Cuando aparece una nueva forma de vida, generalmente más compleja, surge siempre de una forma precedente más simple. Cuando el nuevo brote es suficientemente vigoroso y viable, acaba desarrollando una identidad propia, y se desgaja del tronco del que procede.
En el plano, pues, estrictamente biológico, y con los conocimientos evolucionistas demostrados hasta la fecha, este mecanismo funciona siempre de este modo. Excepción hecha de las evoluciones provocadas por mutación, que para lo que nos ocupa, consideramos irrelevantes.
Desde la aparición de la especie humana, se produce también un proceso semejante en el plano social y cultural. Y hay siempre un detalle diferente que se mantiene como una constante: Los últimos en desgajarse entran en conflicto con aquellos de los que proceden.

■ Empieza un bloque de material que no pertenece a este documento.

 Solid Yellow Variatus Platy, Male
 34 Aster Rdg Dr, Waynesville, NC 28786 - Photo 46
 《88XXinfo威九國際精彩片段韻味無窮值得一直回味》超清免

Lo que caracteriza, a mi juicio, esta dinámica de desgajamientos es el enfrentamiento que se produce entre los que permanecen en el tronco y aquellos otros que forman parte del brote que se bifurca. El enfrentamiento muchas veces está directamente relacionado con motivaciones económicas, políticas o religiosas, pero en última instancia, es un conflicto entre diferentes visiones del mundo.

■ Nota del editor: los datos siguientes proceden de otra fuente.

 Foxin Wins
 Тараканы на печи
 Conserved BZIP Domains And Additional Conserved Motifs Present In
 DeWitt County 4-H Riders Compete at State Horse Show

La confrontación, es por tanto parte esencial de la evolución social y se trata, en sentido amplio, de un conflicto cultural.
En estos conflictos, cada parte cree que lo que se le oponente es una manifestación peligrosa e incluso connotativamente malvada. Este aspecto obviamente no se producía en las escisiones biológicas o con carácter marcadamente natural, exentas de todo carácter no denotativo.
En el marco de lo social y simplificando, cada cual piensa que la cultura propia es más justa, más real y, por ende, superior y con mayor derecho a la existencia. Pero con independencia de estas consideraciones, y en equilibrio de fuerzas; en mi opinión, la cultura que permite una comunicación más eficiente y, por tanto, mejores formas de cooperación, es la que tiene más ventaja y, si está realmente resuelta a ganar, es la que suele terminar imponiéndose.